Where disagreement between the board and management roles arise, the company secretary can constructively assist the board and management team to identify areas of contest and unity. They can generate alternatives, focus parties on the areas where they diverge and provide them with frameworks to work through them.
Whistleblower policies may assist if the disagreement cannot be dealt with due to the working relationship between the board and the company secretary. Using such a policy will likely be a matter of last resort for a company secretary given such formal mechanisms for communication of concerns would be a clear indicator of an unhealthy corporate governance culture. A strong and mature working relationship between the board and company secretary would potentially avoid the need for reliance on such formal mechanisms unless reporting of the issue in question was a legal requirement.

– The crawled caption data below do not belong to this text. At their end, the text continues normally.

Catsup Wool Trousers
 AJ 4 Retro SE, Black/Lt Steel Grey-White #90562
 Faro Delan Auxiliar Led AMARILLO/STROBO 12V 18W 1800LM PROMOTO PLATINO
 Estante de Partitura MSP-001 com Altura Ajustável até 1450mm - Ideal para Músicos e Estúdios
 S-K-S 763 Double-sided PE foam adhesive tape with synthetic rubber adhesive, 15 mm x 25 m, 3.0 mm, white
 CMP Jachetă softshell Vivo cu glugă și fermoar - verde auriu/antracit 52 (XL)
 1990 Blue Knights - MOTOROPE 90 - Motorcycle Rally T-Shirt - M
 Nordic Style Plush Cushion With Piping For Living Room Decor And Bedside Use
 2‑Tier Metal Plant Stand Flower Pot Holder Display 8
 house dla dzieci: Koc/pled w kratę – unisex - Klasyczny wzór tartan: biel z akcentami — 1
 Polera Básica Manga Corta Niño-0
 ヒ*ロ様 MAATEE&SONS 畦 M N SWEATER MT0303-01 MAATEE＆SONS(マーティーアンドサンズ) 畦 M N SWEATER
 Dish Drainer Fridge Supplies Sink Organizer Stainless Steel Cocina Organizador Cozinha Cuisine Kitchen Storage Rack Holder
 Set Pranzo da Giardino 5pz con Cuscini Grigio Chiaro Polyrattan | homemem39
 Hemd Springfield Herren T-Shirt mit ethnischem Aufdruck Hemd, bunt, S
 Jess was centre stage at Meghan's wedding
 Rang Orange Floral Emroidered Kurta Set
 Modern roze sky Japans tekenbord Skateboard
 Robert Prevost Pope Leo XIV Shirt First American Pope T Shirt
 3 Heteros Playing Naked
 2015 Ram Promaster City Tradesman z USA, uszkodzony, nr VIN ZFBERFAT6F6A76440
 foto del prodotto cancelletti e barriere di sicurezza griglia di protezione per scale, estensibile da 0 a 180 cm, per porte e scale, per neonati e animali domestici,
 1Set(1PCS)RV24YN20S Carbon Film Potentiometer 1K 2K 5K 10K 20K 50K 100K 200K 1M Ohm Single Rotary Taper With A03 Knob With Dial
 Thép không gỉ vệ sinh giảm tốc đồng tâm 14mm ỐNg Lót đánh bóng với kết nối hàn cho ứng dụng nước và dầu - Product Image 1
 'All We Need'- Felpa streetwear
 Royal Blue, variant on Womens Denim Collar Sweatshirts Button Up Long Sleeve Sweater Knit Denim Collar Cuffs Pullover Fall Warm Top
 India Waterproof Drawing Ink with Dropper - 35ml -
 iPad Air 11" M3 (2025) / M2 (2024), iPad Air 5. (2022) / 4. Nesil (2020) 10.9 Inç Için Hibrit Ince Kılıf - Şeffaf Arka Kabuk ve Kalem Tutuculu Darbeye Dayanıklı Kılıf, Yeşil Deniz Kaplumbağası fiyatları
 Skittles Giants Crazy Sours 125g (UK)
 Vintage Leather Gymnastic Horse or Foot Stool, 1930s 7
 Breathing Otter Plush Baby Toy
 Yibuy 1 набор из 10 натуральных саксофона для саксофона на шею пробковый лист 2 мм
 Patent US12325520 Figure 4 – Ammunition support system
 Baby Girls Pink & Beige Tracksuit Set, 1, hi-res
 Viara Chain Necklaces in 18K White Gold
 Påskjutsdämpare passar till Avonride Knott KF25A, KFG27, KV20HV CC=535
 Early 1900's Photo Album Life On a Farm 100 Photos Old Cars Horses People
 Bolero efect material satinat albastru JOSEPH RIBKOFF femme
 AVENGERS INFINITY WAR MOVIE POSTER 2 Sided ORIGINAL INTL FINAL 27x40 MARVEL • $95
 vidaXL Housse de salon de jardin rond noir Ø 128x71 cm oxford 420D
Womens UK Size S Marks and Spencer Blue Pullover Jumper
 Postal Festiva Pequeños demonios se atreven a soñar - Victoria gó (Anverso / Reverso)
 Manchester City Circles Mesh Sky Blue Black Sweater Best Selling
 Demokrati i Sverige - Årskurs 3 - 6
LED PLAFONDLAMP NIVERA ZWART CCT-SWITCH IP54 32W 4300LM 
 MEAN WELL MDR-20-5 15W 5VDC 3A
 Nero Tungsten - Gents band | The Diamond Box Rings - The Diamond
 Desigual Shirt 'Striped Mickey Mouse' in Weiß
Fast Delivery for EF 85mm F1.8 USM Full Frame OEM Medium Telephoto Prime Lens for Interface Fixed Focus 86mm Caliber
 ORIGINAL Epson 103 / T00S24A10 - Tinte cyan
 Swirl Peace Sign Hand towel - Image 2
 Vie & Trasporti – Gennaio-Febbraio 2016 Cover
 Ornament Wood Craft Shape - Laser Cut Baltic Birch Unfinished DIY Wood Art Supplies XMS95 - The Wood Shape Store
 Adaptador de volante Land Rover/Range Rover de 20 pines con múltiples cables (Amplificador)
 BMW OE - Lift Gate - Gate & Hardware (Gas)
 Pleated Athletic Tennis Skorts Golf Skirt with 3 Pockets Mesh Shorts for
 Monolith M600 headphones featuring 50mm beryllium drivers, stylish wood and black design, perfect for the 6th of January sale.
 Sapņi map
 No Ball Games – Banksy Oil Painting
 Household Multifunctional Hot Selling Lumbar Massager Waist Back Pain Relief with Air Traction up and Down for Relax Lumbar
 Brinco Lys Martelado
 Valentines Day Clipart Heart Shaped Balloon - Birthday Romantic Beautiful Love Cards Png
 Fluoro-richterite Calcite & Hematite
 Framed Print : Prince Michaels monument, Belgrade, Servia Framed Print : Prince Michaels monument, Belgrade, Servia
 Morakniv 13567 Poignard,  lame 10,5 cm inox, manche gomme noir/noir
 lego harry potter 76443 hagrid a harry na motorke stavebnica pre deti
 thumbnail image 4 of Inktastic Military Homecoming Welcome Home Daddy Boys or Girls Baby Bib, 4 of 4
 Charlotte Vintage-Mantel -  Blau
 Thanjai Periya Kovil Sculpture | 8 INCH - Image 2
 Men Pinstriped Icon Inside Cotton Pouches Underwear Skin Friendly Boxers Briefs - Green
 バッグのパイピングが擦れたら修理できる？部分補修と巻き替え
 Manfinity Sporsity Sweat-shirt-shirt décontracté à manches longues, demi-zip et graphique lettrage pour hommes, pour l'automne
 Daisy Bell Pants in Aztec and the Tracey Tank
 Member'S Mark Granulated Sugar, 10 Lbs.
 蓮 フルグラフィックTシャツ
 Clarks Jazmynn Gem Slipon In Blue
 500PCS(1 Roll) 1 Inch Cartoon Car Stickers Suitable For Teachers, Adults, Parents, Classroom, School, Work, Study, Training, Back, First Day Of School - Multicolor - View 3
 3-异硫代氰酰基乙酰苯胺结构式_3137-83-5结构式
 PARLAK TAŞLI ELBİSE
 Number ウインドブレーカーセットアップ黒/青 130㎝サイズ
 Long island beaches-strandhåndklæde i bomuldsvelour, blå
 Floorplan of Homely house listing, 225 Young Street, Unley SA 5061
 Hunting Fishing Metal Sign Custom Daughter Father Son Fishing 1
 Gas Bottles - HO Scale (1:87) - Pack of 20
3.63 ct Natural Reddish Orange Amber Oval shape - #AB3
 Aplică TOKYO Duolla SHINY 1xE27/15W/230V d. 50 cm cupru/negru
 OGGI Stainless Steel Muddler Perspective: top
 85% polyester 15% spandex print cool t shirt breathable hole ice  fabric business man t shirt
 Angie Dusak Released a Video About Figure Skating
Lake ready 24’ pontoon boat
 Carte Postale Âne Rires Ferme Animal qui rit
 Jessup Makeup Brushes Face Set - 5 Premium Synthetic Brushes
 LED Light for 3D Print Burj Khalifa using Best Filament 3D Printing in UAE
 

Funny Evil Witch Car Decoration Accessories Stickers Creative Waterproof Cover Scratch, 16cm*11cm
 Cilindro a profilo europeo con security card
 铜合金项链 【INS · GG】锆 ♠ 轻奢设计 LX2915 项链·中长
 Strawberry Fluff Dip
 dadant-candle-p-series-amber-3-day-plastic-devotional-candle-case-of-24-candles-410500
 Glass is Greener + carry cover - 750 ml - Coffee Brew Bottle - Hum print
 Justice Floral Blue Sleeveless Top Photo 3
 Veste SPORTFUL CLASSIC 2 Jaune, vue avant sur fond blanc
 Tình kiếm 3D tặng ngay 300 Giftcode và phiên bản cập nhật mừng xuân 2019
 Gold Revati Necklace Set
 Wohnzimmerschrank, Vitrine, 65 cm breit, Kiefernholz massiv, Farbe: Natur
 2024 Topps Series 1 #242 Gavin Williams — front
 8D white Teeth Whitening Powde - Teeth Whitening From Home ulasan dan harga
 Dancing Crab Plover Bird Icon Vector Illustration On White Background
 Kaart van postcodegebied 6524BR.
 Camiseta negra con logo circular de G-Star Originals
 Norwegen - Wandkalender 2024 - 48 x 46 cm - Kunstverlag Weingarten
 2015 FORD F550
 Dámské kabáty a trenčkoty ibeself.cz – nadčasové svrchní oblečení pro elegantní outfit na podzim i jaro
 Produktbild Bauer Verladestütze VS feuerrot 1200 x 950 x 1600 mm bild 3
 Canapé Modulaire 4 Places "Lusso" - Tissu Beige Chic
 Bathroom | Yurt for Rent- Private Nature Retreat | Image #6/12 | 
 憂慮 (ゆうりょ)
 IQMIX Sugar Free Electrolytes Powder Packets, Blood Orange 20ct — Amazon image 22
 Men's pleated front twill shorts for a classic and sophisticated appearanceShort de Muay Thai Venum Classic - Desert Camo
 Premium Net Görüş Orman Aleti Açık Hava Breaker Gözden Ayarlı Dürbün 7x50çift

One of the key areas of risk for an in-house company secretary is that they themselves may be influenced more by the CEO, executive directors and management team than the board as a collective. They will have more contact with the organisation through these people on a day-to-day basis compared to the board as a collective, who may meet, on average, once or twice a month, every month, throughout the year. The company secretary must not be captured by the management team. They need to ensure that they can bring an independent mind-set to the board table and see the dangers that lie within an overly harmonious management team. Whilst harmony is good for the organisation, the company secretary may lose the ability to see into the organisation and bring a different perspective to bear on governance decisions.